August 12, 2020

Applied Practice | Dream Theory Project | Experimental Images


A quick roundup of some of the more experimental panoramas I shot in the course of this project.

Max Ernst

I was interested in seeing if I could play with scale in a similar way to the Max Ernst images I had referenced in my research. In particular his 1938 painting Nature at Dawn (Evensong).

I thought of shooting some high resolution panoramas at a small scale, composed as if I were making an idealised landscape like Boticelli's Nastagio meets the woman and the knight in the pine forest of Ravenna.

While I think this idea has a lot of potential, I abandoned it for this project.
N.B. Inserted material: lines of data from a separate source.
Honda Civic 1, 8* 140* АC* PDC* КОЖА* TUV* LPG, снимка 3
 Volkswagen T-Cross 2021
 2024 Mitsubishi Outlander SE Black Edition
At the time of shooting I hadn't yet come up with the motif of strings, so I wasn't sure how I would bring these scenes into my theme.

Ultimately I felt that it was too much of a departure in style and that in order to make the images work a huge amount of preparation of the scene would be needed.

Bringing the camera down to the ground

Trying out another composition

The moment in Blue Velvet when David Lynch brought his camera down into the grass definitely had an effect on me

Looking these over again, I might produce a series like this. One of the problems I found was that even placing the camera on the ground leaves the lens several inches off ground level. At the small scale the images don't quite feel like landscapes shot by a human—the camera appears to be too elevated, as if the tiny person shooting were standing atop a tiny stepladder.

Perhaps I would have to dig a hole in the ground to achieve the proper camera position.

Among trees

I shot a small experimental set of these, pointing the camera directly upwards. I was raised in Hampshire and Sussex and spent much of my childhood climbing trees. Perhaps a reason that I was drawn to photograph trees as a source of 'wellbeing'.

Again, I'd like to produce a series of these pure abstract images. But for this idea about dreams, I abandoned the approach.

Abstract, shot directly upward


I wanted to try to add a different note to my pines and other organic forms.

I scouted this building site and found an elevated camera position at sunset. I wanted a sky that would be like the skies in the Rousseau paintings I'd researched, in particular; Carnival Evening (1886).

After much haggling with the composition, trying different crops and removing elements of the image I abandoned it. It's too geometric and somehow too realistic to be evocative for the theme I was attempting.

Construction site at sunset
Trying a more abstract crop


It's been hard to know how to move this project in the right direction at times. There's something about creating composites that unlocks seemingly endless possibilities—and that makes it hard to edit the ideas into a single direction.

But, it's been great to experiment with different approaches that may end up as different projects in themselves or starting points for other ideas.